PROBLEM DESCRIPTION :: Look in the data below for the line that has "Phó Thủ tướng", then print exactly every line from there through the line that has "شاطئ الممزر الشارقة", leaving pictures out.

RECORDED DATA ::
>>>
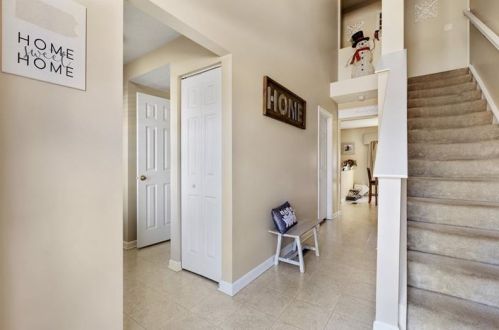 304 Mactavish Ct, Gibsonia, PA 15044-9415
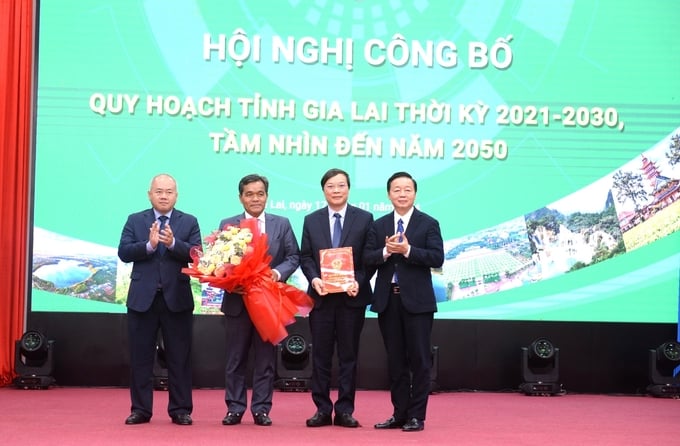 Phó Thủ tướng Chính phủ Trần Hồng Hà trao quyết định quy hoạch cho tỉnh gia Lai. Ảnh: Tuấn Anh.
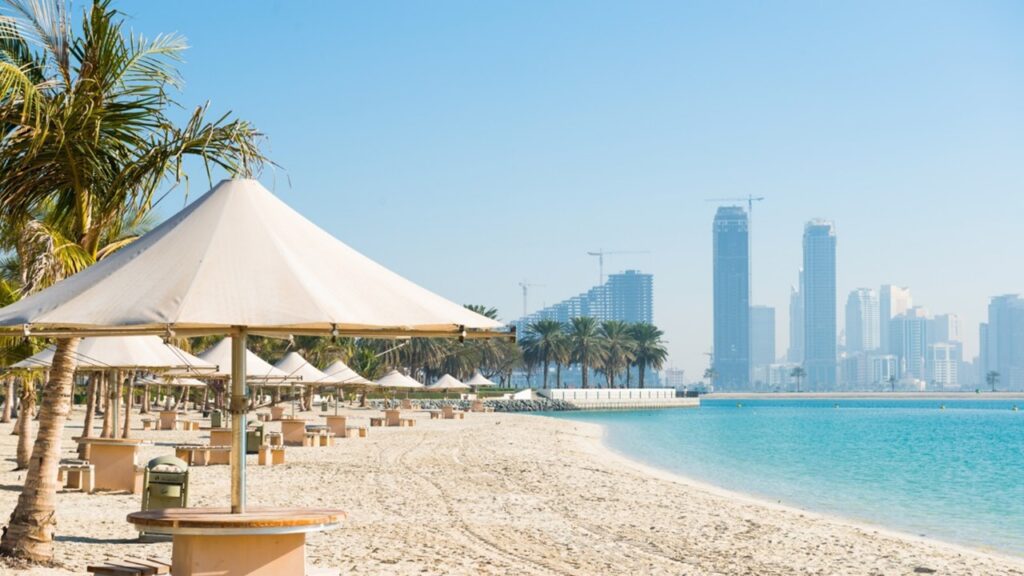 شاطئ الممزر الشارقة من افضل الاماكن السياحية في الشارقة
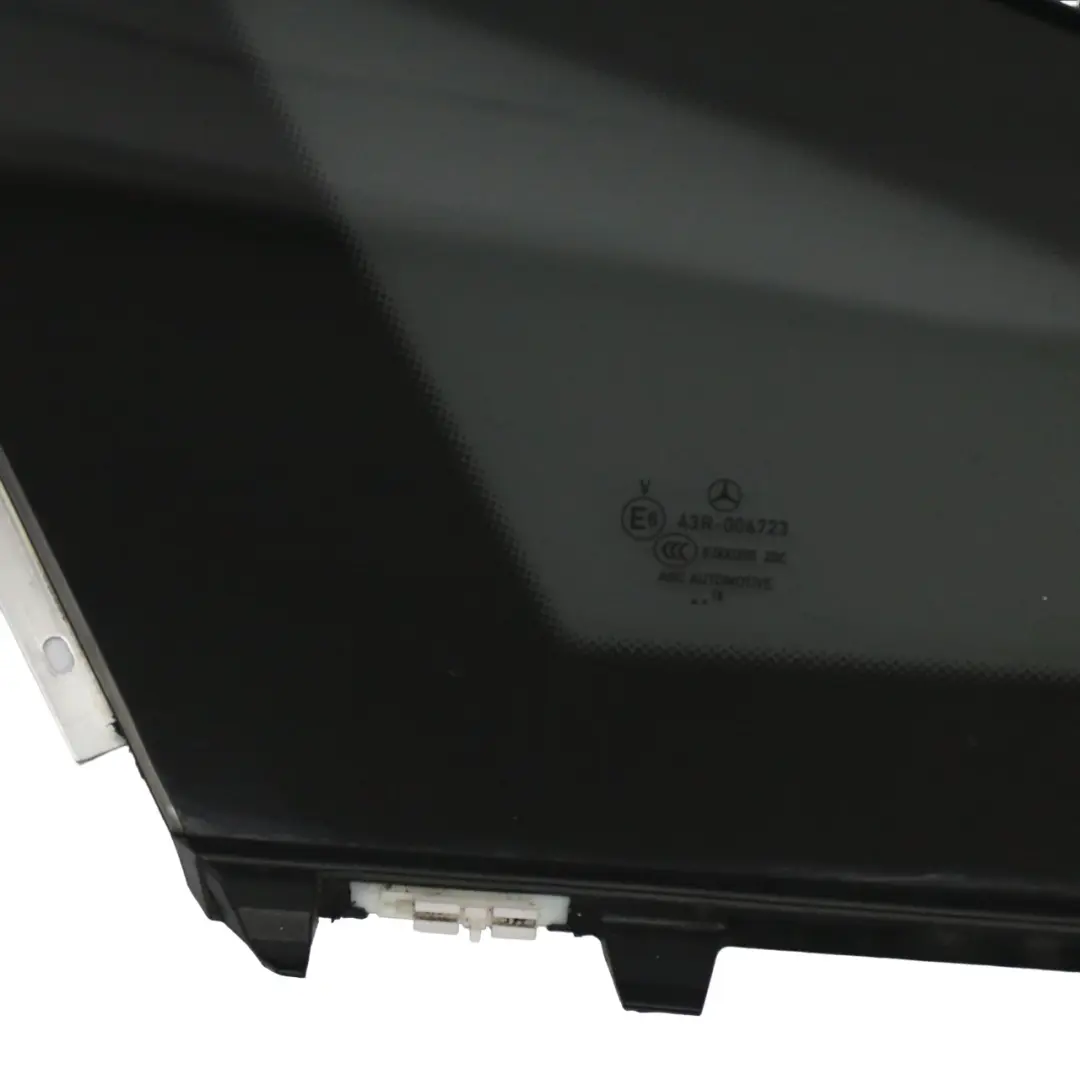 Fenster scheibe Seite hinten links Viertelver glasung für Mercedes X117 mit Teilenummer A1176700312 Mercedes X117 Fenster scheibe Seite hinten links Viertelver glasung - SKU A1176700312 - Teilenummer A1176700312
<<<
EXERCISE SOLUTION ::
 Phó Thủ tướng Chính phủ Trần Hồng Hà trao quyết định quy hoạch cho tỉnh gia Lai. Ảnh: Tuấn Anh.
 شاطئ الممزر الشارقة من افضل الاماكن السياحية في الشارقة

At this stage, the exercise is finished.